Fox News personality Sean Hannity's efforts to downplay the Jan. 6 attack on the U.S. Capitol were debunked by Kevin Williamson in the conservative National Review.
"Why make such a big deal about January 6? Sean Hannity, radio host and off-the-books Donald Trump adviser, demands to know. After all, Hannity points out, there have been scores of riots, some of them deadly, over the past couple of years. Why fixate on that one?" he asked. "Sean Hannity apparently believes that he has the dumbest audience in America. The sacking of the Capitol on January 6 by a gang of enraged Trump acolytes acting on the president’s complaint that the election had been stolen from him is different from other riots because of its particular political character. Stealing Nikes is one thing, and stealing the presidency is another. Hannity knows this. Most of you know this."

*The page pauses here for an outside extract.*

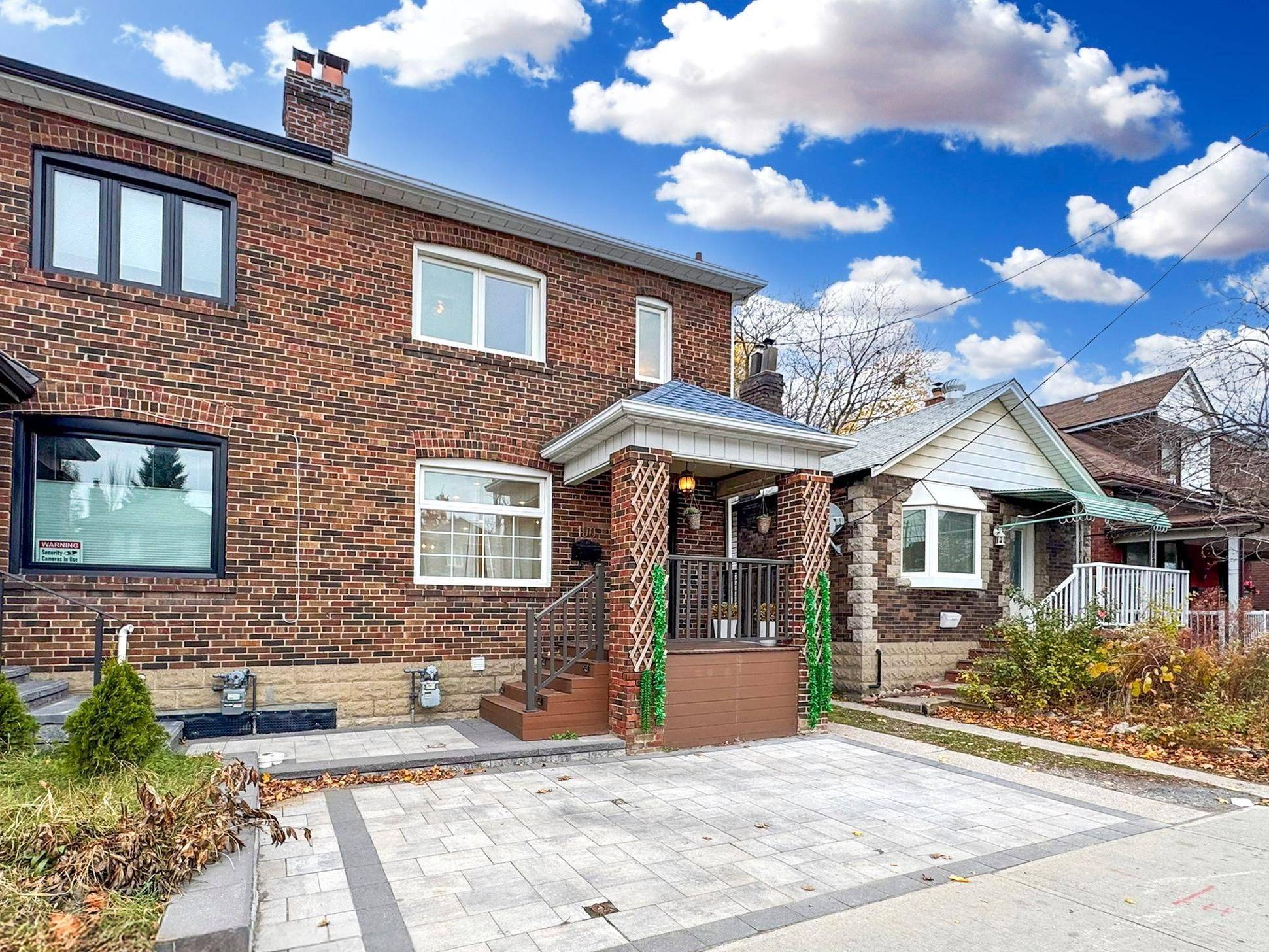 Toronto C04, ON M5M 1A8,196 Lawrence AVE W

Williamson noted the difference between a murder and an assassination.
"There were 21,570 homicides in the United States in 2020. If one of the victims had been the president of the United States, we would have made a pretty big deal about it. It would have been on the news. There might have been congressional hearings. Why? If we take Sean Hannity’s view, then we should treat such a murder as one murder among the thousands of murders the United States sees in a typical year," he explained.

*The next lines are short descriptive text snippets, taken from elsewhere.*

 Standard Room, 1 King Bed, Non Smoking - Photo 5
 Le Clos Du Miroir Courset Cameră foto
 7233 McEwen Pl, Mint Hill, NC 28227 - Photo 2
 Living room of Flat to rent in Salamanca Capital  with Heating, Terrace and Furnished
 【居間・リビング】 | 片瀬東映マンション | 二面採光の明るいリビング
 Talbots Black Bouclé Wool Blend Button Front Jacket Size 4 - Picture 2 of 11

READ: Fireworks erupt on Fox News after Geraldo blames Trump for inciting Capitol riots
Email messages sent by Fox News personalities to then-White House chief of staff Mark Meadows illustrate Williamson's point. The emails were released by the House Select Committee investigating the January 6th Attack on the U.S. Capitol.
"Even Sean Hannity knows this is a problem. That is why he — along with fellow Fox News hosts Laura Ingraham and Brian Kilmeade — texted Trump’s chief of staff to ask the president to try to put a stop to the riot," he wrote. "It is strange that these people, who today insist that Trump had nothing to do with the violent events in question, believed at the time that he was in a position to stop them. (Incidentally, isn’t it at least a little improper for hosts on a so-called news network to be acting in such an advisory capacity? Didn’t CNN dump Chris Cuomo for precisely that — advising the New York governor?)"

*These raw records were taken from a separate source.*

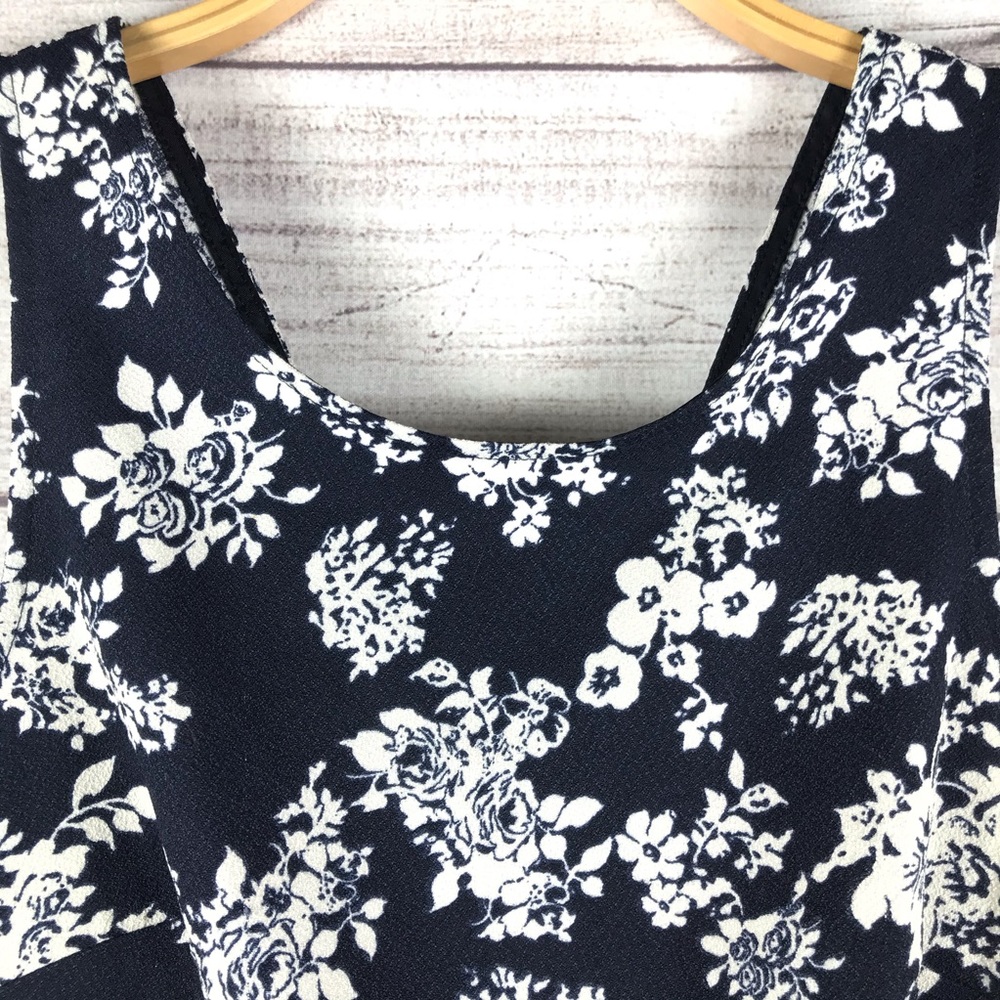 Lush Floral V Back Jumpsuit Romper Dress Shorts XS - Picture 2 of 10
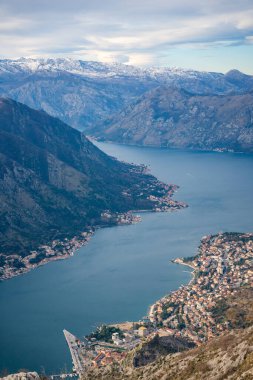Kotor Körfezi Boca 'nın panoramik manzarası ve Karadağ' ın dağlık kesiminden kış mevsiminde dağlar. Yüksek kalite fotoğraf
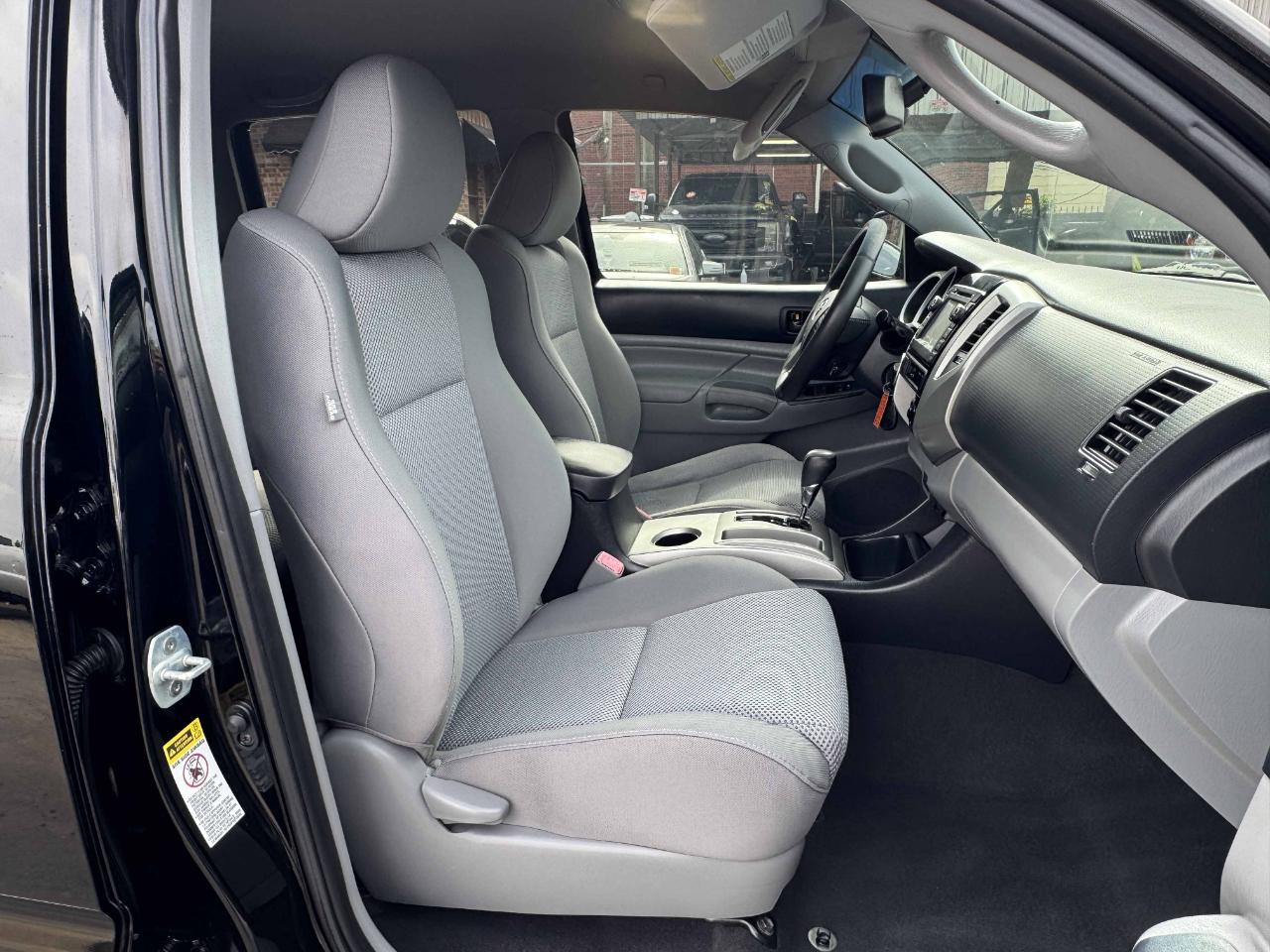Toyota Tacoma  2013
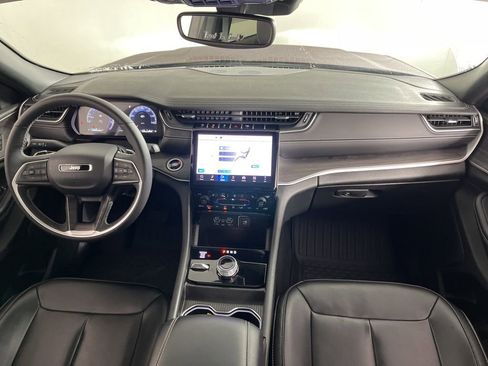 Used 2024 Jeep Grand Cherokee Limited w/ Black Appearance Package image 16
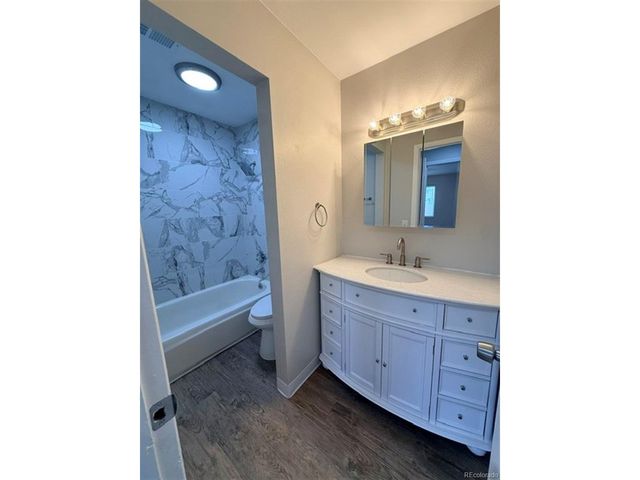 512 Vance St A, Lakewood, CO 80226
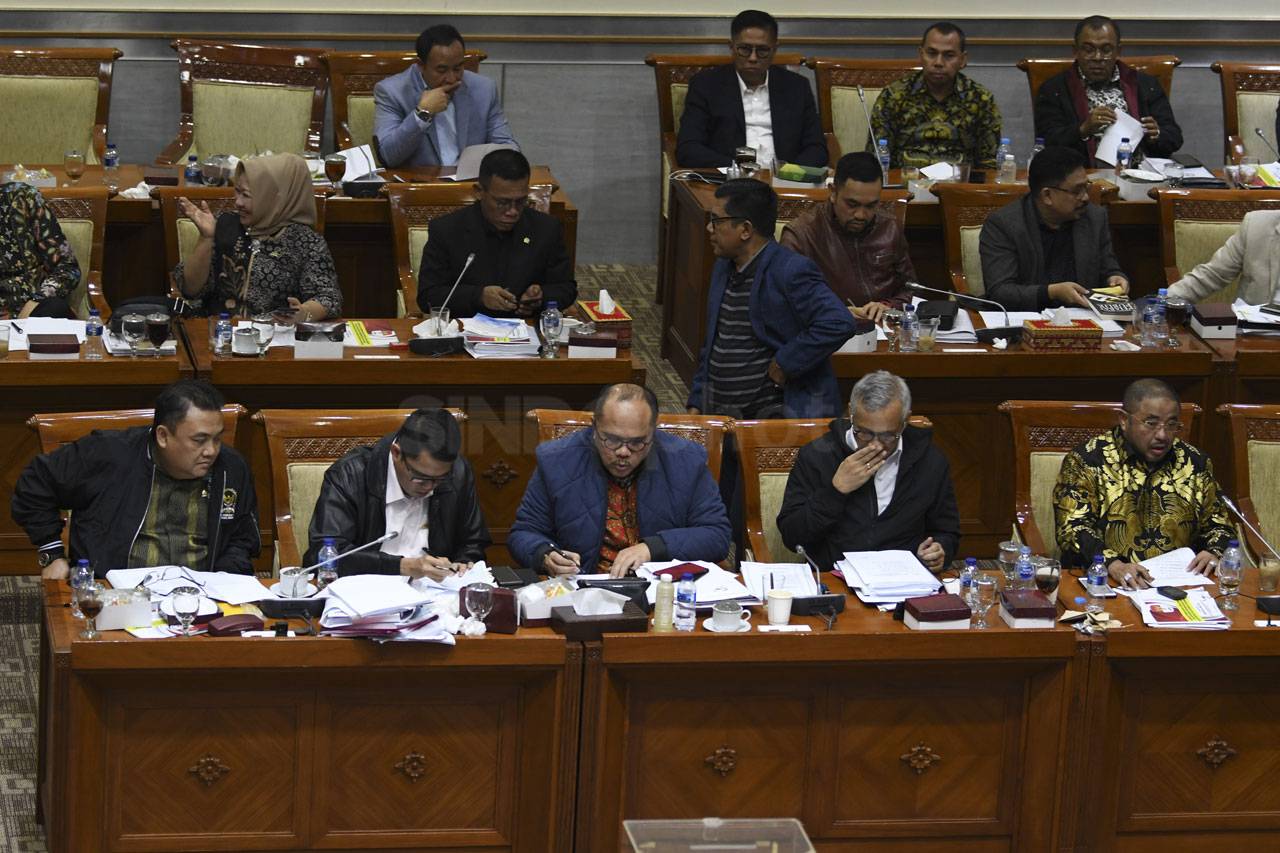 Komisi III DPR Lakukan...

Williamson argued that Hannity's position was not only unethical, but so absurd that it deserved mockery.
"What has been clear to some of us for a long time — and what is becoming more difficult to deny every day — is that the events of January 6 were part of an attempted coup d’état, one that proceeded on two fronts: As the rioters occupied the Capitol and disrupted the process of certifying the Electoral College votes, Trump’s legal minions sought madly for some pretext upon which to nullify the election. Meanwhile, Trump allies occupying several points on the far-right tail of the bell curve of glue-sniffing madness hatched all kinds of supplementary schemes, some of them involving the military," he wrote. "A riot that is part of a coup d’état is not very much like a riot that is part of a coup de Target."